Many people taking metformin for diabetes end up with lower vitamin B12 over time. This B vitamin is crucial for red blood cell formation, DNA synthesis, and keeping your nervous system healthy.
Diabetic neuropathy—tingling, numbness, or pain in the hands and feet—is a common concern. Some studies suggest that restoring B12 levels may help ease neuropathic symptoms and support overall energy when deficiency is present.
What the evidence says: Clinical observations link B12 supplementation to better nerve function scores in some patients with diabetes-related neuropathy. It’s not a cure, but it addresses a frequent gap caused by long-term medication use.
Food sources to prioritize:
- Animal products: meat, fish, poultry, eggs, and dairy.
- Fortified cereals or nutritional yeast for plant-based eaters.
Actionable step: If you’ve been on metformin for years, request a B12 blood test at your next check-up. Oral supplements (like methylcobalamin) are often well-tolerated when needed.
Bucket brigade: But vitamin D and B12 aren’t the only players worth knowing. There’s one more that frequently shows up in metabolic research.

3. Magnesium: The Mineral That Supports Insulin Function
Though often grouped with vitamins, magnesium deserves a spot here as an essential nutrient many with diabetes run low on. It acts as a cofactor in over 300 enzymatic reactions, including those involved in glucose metabolism and insulin signaling.
Research reviews indicate that magnesium supplementation may help improve insulin sensitivity and fasting blood glucose in people who are deficient. Low magnesium levels are linked to higher insulin resistance, and correcting them sometimes correlates with better metabolic markers.
Why diabetics may need more attention here: Processed foods, certain medications, and increased urinary loss from high blood sugar can deplete stores.
Top food sources:
- Leafy greens (spinach, kale)
- Nuts and seeds (almonds, pumpkin seeds)

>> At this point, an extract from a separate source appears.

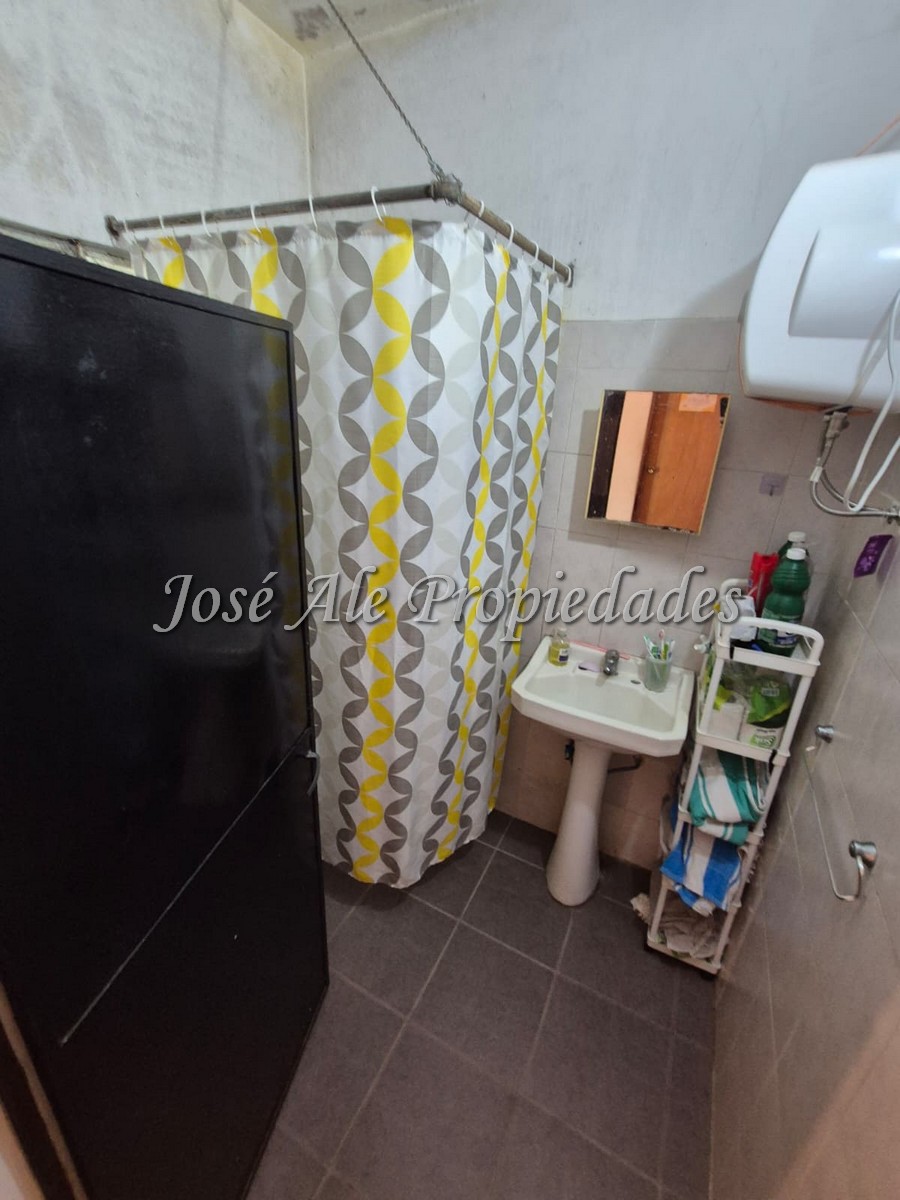 Imagen 5 de Casa con gran terreno en el Real de San Carlos con fácil acceso, por ruta 21.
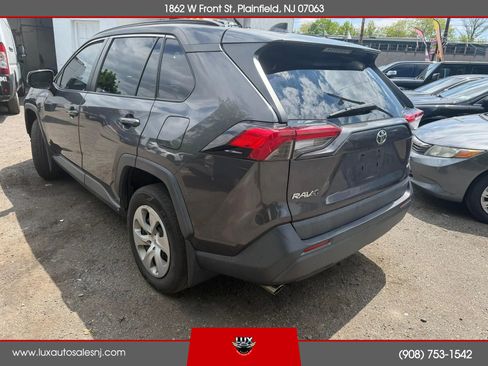 Used 2019 Toyota RAV4 LE w/ All Weather Liner Package AWD/4WD image 5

- Whole grains, avocados, and dark chocolate
Practical advice: Aim for 300–400 mg daily from food first. If supplementing, forms like magnesium citrate or glycinate are often gentler on the stomach. Discuss dosage with your healthcare provider to avoid interactions.
Here’s a quick comparison to help you remember:
| Nutrient | Common Role in Diabetes Support | Good Food Sources | When to Consider Testing/Supplementing |
|---|---|---|---|
| Vitamin D | May aid insulin sensitivity and glucose control | Sunlight, fatty fish, fortified dairy | Low sun exposure, obesity, older age |
| Vitamin B12 | Supports nerve health, counters medication effects | Meat, fish, eggs, fortified foods | Long-term metformin use |
| Magnesium | Helps insulin signaling and energy metabolism | Nuts, seeds, leafy greens, whole grains | Poor diet, high blood sugar |
These aren’t magic fixes, but they address common nutritional gaps.

Actionable Tips You Can Start Today
Ready to put this into practice? Here are simple, step-by-step ways to support your vitamin levels safely:
- Get tested first — Schedule a blood panel for vitamin D, B12, and magnesium at your next doctor’s visit. Knowing your baseline prevents unnecessary supplementation.
- Build a nutrient-rich plate — Add salmon or fortified yogurt for breakfast, a handful of almonds as a snack, and spinach in your dinner salad. Small swaps add up.
- Choose quality supplements wisely — Look for third-party tested brands (USP or NSF verified). Start low and monitor how you feel.
- Track alongside your diabetes routine — Note any changes in energy or blood sugar patterns in your log, but never adjust medications without professional guidance.
- Combine with lifestyle basics — Pair these efforts with regular movement, stress management, and consistent carb awareness for better results.